#### Input records
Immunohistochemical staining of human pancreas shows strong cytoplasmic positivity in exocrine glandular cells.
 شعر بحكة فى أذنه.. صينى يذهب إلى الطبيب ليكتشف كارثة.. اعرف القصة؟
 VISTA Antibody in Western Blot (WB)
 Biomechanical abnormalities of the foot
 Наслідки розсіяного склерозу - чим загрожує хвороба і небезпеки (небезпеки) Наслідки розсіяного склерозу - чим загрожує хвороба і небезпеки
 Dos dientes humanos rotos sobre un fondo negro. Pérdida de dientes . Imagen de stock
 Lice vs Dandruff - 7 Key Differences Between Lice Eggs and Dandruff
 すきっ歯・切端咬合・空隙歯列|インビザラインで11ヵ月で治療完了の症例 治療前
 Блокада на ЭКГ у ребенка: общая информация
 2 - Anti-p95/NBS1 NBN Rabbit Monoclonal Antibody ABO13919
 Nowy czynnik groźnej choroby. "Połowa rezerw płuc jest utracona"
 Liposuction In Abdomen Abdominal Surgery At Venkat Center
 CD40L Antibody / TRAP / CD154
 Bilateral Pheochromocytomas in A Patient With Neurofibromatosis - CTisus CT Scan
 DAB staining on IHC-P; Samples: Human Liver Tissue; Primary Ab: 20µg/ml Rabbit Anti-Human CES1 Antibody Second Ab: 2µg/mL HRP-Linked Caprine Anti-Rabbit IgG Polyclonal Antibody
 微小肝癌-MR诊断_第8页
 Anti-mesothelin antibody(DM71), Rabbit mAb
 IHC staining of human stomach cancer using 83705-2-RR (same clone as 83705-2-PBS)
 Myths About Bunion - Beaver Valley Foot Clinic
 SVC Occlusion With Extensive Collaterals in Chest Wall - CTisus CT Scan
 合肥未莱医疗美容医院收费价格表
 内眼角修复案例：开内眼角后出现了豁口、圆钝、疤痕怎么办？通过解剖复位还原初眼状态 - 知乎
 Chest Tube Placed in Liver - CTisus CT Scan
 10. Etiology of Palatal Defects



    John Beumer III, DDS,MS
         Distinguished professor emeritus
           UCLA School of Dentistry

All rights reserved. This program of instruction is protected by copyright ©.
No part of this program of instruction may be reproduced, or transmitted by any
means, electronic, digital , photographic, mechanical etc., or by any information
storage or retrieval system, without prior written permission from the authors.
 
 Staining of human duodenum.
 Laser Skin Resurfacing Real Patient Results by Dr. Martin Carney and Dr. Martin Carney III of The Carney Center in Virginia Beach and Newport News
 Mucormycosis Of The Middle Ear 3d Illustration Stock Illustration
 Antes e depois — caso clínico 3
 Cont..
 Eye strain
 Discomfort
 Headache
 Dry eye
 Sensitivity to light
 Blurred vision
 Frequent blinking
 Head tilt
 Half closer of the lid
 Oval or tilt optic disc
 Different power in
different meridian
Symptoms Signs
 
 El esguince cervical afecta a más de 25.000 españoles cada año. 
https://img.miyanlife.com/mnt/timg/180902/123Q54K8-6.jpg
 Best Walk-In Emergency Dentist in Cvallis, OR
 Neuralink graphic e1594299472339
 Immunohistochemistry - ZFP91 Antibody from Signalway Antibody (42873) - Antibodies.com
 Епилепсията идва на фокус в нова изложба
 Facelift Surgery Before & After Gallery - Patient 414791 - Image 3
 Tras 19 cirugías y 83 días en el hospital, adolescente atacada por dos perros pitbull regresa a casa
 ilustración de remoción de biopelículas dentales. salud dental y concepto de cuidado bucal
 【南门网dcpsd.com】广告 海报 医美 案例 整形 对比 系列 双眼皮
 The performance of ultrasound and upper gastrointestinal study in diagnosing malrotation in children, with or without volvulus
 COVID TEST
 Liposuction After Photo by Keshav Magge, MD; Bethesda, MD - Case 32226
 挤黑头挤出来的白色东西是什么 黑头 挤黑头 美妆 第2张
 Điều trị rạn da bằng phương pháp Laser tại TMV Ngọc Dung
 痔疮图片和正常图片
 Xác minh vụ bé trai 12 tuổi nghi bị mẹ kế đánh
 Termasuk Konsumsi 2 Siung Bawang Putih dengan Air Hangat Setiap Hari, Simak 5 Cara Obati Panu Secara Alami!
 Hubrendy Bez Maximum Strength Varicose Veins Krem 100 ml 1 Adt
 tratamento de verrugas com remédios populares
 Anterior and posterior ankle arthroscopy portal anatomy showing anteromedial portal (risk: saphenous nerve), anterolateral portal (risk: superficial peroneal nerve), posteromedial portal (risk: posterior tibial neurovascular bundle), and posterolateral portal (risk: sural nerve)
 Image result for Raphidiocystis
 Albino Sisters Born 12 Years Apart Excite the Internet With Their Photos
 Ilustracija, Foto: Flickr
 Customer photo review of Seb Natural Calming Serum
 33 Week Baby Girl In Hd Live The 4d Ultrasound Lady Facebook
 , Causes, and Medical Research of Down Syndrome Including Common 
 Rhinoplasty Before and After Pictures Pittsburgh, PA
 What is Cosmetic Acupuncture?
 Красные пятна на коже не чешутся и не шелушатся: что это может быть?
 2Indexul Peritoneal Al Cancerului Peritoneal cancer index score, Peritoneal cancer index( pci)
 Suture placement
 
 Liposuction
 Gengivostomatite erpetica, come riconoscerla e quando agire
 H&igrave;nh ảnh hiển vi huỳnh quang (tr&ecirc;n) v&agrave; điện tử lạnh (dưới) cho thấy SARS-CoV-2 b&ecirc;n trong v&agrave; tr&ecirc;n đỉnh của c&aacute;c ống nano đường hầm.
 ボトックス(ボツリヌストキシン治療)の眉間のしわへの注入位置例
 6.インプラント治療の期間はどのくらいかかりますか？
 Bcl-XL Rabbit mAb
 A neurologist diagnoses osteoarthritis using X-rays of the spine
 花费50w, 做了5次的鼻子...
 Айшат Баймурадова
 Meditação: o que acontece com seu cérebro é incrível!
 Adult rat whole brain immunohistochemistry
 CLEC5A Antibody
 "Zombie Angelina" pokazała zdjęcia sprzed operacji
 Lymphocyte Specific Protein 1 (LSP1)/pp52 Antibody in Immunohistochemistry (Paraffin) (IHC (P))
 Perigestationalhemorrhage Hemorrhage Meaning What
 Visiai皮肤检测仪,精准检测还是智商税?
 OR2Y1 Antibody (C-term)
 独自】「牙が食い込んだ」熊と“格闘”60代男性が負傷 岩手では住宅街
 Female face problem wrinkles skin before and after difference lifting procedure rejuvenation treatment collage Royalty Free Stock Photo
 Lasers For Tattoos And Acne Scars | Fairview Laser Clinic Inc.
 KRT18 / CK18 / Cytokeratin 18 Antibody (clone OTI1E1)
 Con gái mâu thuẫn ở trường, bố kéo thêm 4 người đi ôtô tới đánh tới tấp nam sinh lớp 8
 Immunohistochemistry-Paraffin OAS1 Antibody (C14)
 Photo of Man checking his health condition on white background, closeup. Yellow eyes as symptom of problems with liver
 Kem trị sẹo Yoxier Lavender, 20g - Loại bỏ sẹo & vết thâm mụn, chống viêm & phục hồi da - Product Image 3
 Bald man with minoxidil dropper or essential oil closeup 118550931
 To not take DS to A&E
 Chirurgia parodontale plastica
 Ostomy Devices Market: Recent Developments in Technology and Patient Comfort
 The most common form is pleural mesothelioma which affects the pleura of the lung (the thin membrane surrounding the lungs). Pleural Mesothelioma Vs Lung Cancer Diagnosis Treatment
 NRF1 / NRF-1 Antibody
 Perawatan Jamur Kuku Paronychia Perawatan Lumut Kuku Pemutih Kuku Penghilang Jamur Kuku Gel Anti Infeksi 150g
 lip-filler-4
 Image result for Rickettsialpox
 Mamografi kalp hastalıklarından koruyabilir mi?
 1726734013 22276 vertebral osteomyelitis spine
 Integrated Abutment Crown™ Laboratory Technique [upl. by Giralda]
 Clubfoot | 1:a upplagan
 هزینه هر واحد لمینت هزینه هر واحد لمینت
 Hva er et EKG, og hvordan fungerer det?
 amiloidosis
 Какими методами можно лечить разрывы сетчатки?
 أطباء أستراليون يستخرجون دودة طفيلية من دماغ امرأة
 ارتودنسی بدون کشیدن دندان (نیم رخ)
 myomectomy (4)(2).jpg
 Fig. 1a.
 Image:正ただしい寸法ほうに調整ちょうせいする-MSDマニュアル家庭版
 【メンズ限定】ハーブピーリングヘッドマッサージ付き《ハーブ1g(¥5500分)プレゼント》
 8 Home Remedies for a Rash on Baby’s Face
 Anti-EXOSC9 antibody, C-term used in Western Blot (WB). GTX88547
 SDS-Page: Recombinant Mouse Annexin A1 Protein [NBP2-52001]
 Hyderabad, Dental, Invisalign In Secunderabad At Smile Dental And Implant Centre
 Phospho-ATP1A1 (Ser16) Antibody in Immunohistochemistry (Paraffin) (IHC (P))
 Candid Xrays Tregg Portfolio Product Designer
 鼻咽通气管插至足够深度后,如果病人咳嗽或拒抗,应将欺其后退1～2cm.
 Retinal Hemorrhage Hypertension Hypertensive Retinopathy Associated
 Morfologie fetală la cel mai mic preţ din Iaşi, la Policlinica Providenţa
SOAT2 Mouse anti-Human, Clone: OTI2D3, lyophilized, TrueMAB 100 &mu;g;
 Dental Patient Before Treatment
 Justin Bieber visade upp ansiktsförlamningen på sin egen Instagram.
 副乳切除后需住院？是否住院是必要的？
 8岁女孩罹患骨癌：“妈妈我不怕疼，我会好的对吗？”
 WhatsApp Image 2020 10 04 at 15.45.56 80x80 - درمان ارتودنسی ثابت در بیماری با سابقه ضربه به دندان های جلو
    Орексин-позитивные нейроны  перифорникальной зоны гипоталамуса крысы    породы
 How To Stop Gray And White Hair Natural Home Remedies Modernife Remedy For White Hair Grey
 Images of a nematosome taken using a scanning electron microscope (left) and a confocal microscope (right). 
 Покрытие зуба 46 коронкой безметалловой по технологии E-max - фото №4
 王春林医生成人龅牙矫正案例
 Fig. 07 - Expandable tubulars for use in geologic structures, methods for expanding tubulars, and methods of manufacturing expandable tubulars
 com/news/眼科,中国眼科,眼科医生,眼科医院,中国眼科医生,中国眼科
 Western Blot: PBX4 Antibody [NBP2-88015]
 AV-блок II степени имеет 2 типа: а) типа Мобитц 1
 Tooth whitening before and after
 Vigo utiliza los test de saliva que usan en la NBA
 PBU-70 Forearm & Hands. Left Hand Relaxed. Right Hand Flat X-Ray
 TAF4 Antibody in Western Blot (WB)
########
Restate word for word the entries above, starting at the line with "Visiai皮肤检测仪,精准检测还是智商税?" and ending at the line with "Retinal Hemorrhage Hypertension", inclusive, and no others.

 Visiai皮肤检测仪,精准检测还是智商税?
 OR2Y1 Antibody (C-term)
 独自】「牙が食い込んだ」熊と“格闘”60代男性が負傷 岩手では住宅街
 Female face problem wrinkles skin before and after difference lifting procedure rejuvenation treatment collage Royalty Free Stock Photo
 Lasers For Tattoos And Acne Scars | Fairview Laser Clinic Inc.
 KRT18 / CK18 / Cytokeratin 18 Antibody (clone OTI1E1)
 Con gái mâu thuẫn ở trường, bố kéo thêm 4 người đi ôtô tới đánh tới tấp nam sinh lớp 8
 Immunohistochemistry-Paraffin OAS1 Antibody (C14)
 Photo of Man checking his health condition on white background, closeup. Yellow eyes as symptom of problems with liver
 Kem trị sẹo Yoxier Lavender, 20g - Loại bỏ sẹo & vết thâm mụn, chống viêm & phục hồi da - Product Image 3
 Bald man with minoxidil dropper or essential oil closeup 118550931
 To not take DS to A&E
 Chirurgia parodontale plastica
 Ostomy Devices Market: Recent Developments in Technology and Patient Comfort
 The most common form is pleural mesothelioma which affects the pleura of the lung (the thin membrane surrounding the lungs). Pleural Mesothelioma Vs Lung Cancer Diagnosis Treatment
 NRF1 / NRF-1 Antibody
 Perawatan Jamur Kuku Paronychia Perawatan Lumut Kuku Pemutih Kuku Penghilang Jamur Kuku Gel Anti Infeksi 150g
 lip-filler-4
 Image result for Rickettsialpox
 Mamografi kalp hastalıklarından koruyabilir mi?
 1726734013 22276 vertebral osteomyelitis spine
 Integrated Abutment Crown™ Laboratory Technique [upl. by Giralda]
 Clubfoot | 1:a upplagan
 هزینه هر واحد لمینت هزینه هر واحد لمینت
 Hva er et EKG, og hvordan fungerer det?
 amiloidosis
 Какими методами можно лечить разрывы сетчатки?
 أطباء أستراليون يستخرجون دودة طفيلية من دماغ امرأة
 ارتودنسی بدون کشیدن دندان (نیم رخ)
 myomectomy (4)(2).jpg
 Fig. 1a.
 Image:正ただしい寸法ほうに調整ちょうせいする-MSDマニュアル家庭版
 【メンズ限定】ハーブピーリングヘッドマッサージ付き《ハーブ1g(¥5500分)プレゼント》
 8 Home Remedies for a Rash on Baby’s Face
 Anti-EXOSC9 antibody, C-term used in Western Blot (WB). GTX88547
 SDS-Page: Recombinant Mouse Annexin A1 Protein [NBP2-52001]
 Hyderabad, Dental, Invisalign In Secunderabad At Smile Dental And Implant Centre
 Phospho-ATP1A1 (Ser16) Antibody in Immunohistochemistry (Paraffin) (IHC (P))
 Candid Xrays Tregg Portfolio Product Designer
 鼻咽通气管插至足够深度后,如果病人咳嗽或拒抗,应将欺其后退1～2cm.
 Retinal Hemorrhage Hypertension Hypertensive Retinopathy Associated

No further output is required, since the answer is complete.